We have two input delay chains, one for the positive (P) Deserializer and
one for the negative (N) Deserializer. Init the P delay at tap 0 and the
N delay at tap TAP_OFFSET (2 is a good value).
This means the N Deserializer sees a bit from TAP_OFFSET cycles ago
relative to the P Deserializer seeing the curent bit. We can imagine this
as the N Deserializer sampling a bit TAP_OFFSET cycles earlier in the
data word. Thus, incrementing the P and N delays together moves the
sampling points backwards in a data word we imagine to be fixed.
At each step, we compare the P and N deserialized words. Assuming we begin in a stable area where the P and N words match, as we move backwards the N Deserializer will hit the transition area between stable data first, causing the N and P Deserializer output to mismatch, and the P Deserializer will be the last one to exit the transition area, when the P and N Deserializer output match again.
If we happen to begin in an unstable area, where the P and N outputs mismatch, the logic remains the same: increment P and N taps until the P and N Deserializer outputs match again.
After we find the first stable location after a transition area, we initialize a counter of valid taps (V) to zero. We then increment the P and N delay, and the V counter, until the Deserializer output do not match, signalling the end of the stable area.
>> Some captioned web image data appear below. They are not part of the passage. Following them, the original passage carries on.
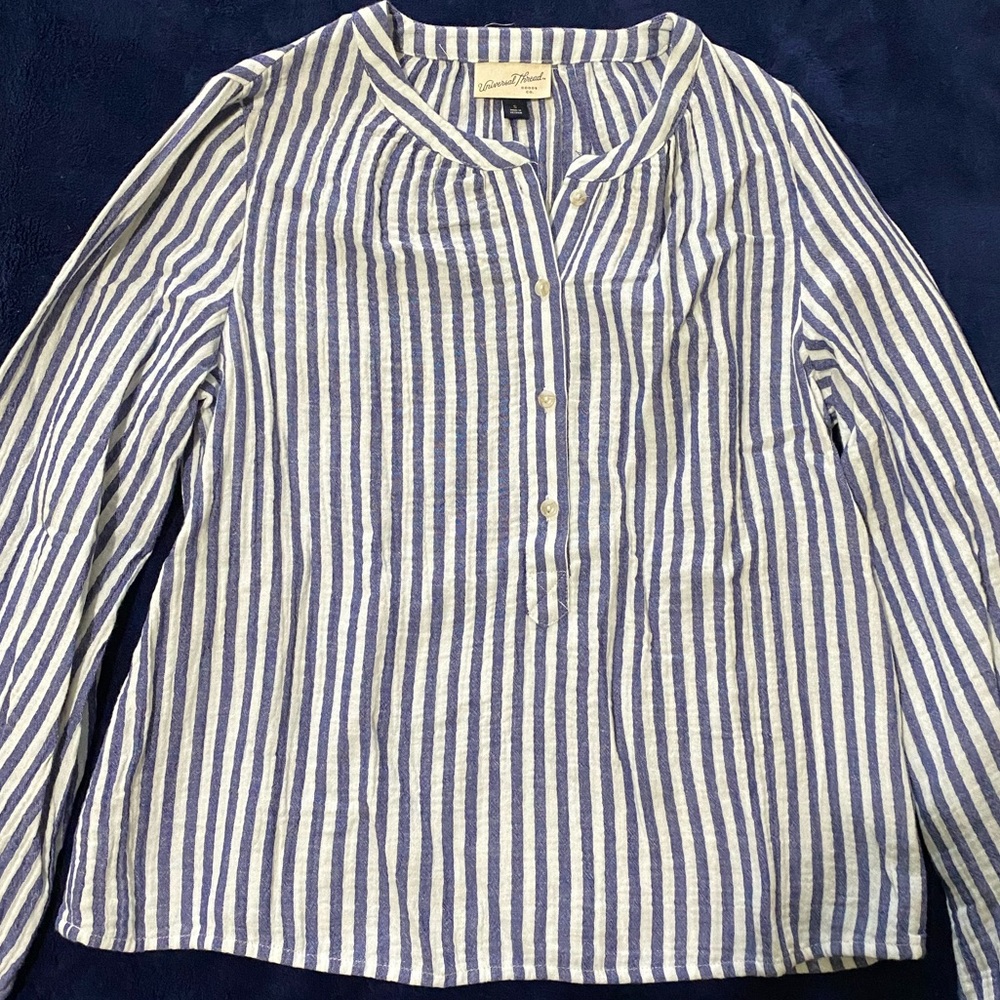 Universal Threads Blue and White Striped Blouse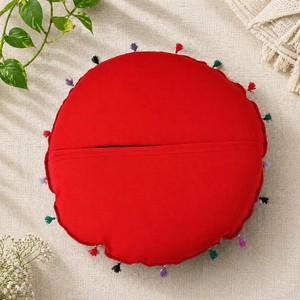 Housse de coussin de sol ronde brodée, patchwork en coton, coussin de méditation - Product Image 2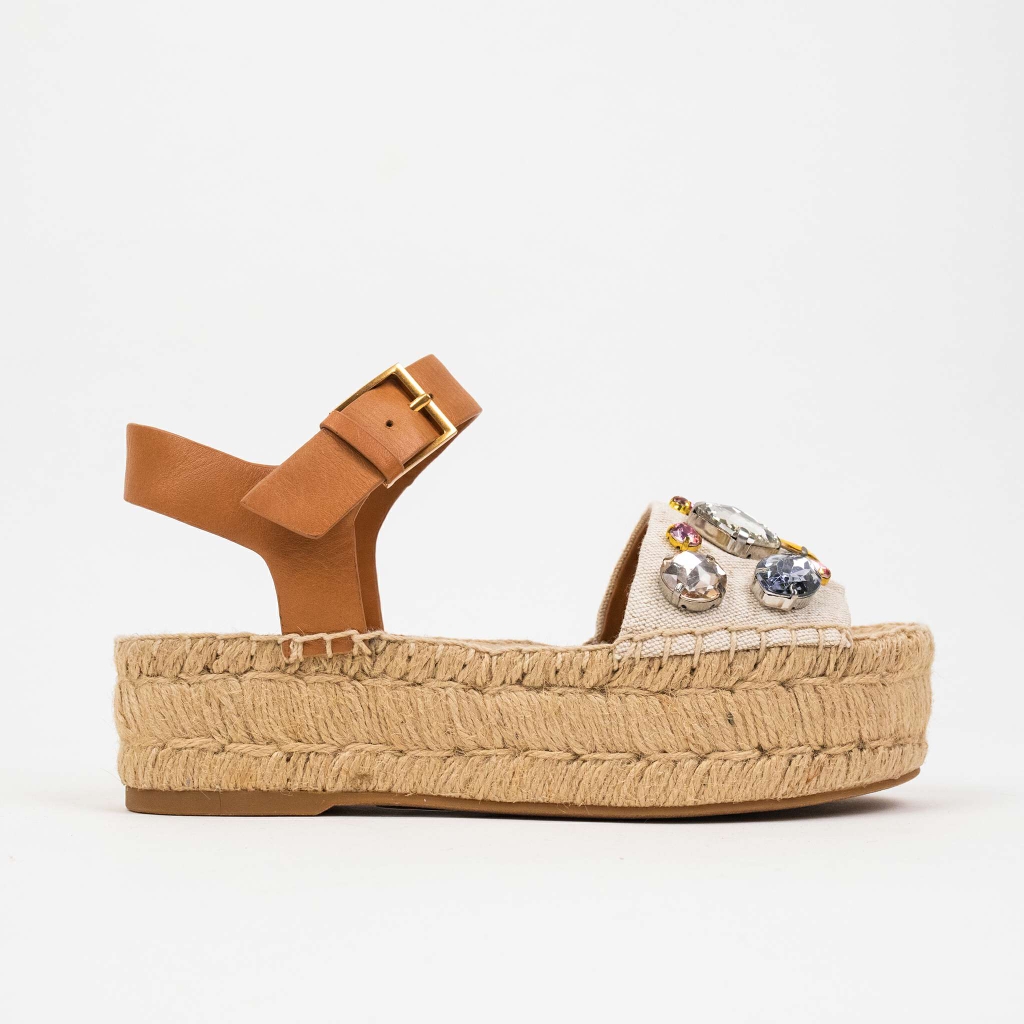 Sandal đế cói Tory Burch platform đúng đá size 5M | Én shop hàng hiệu Sandal đế cói Tory Burch platform đúng đá size 5M | Én shop hàng hiệu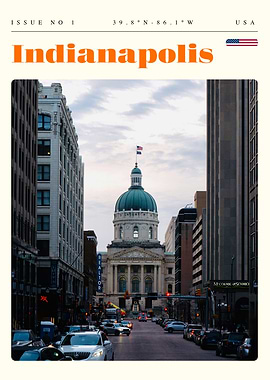 Indianapolis Indiana Travel Art Poster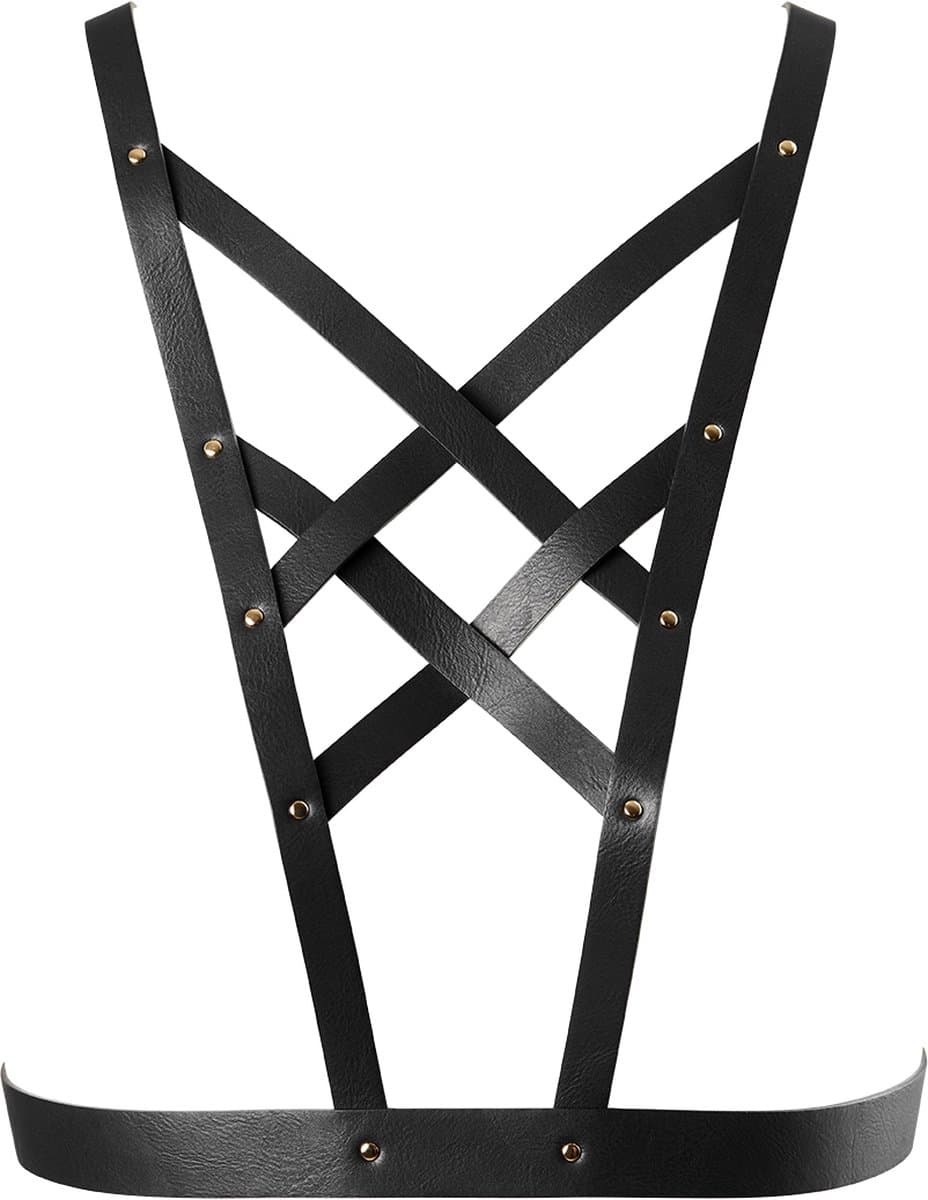 Bijoux Indiscrets Maze Net Cleavage Harnas - Zwart — afbeelding 1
At this point, we now have V+1 valid taps (equal to P plus the one tap
before the N tap). We can then re-set the P and N delays to the nearest
middle of the stable area with Pmid = Nmid = P + (V >> 1) - (TAP_OFFSET - 2).
This algorithm does assume the total jitter is not so bimodally distributed
that a stable area of width greater than TAP_OFFSET delay taps exists
inside the bit transition areas.
All tap counts use their full bit widths and will correctly wrap around. This means the algorithm will keep searching until it finds the eye, even through a wraparound.
There is no guarantee of finding the minimum working tap value, only a working one. This means you must assume the worst case jitter possibly introduced by the IDELAY2 tap chain.
`default_nettype none
module Deserializer_Differential_Bit_Alignment
#(
parameter TAP_OFFSET = 2, // How much the initial N IDELAY lags the P IDELAY for bit alignment.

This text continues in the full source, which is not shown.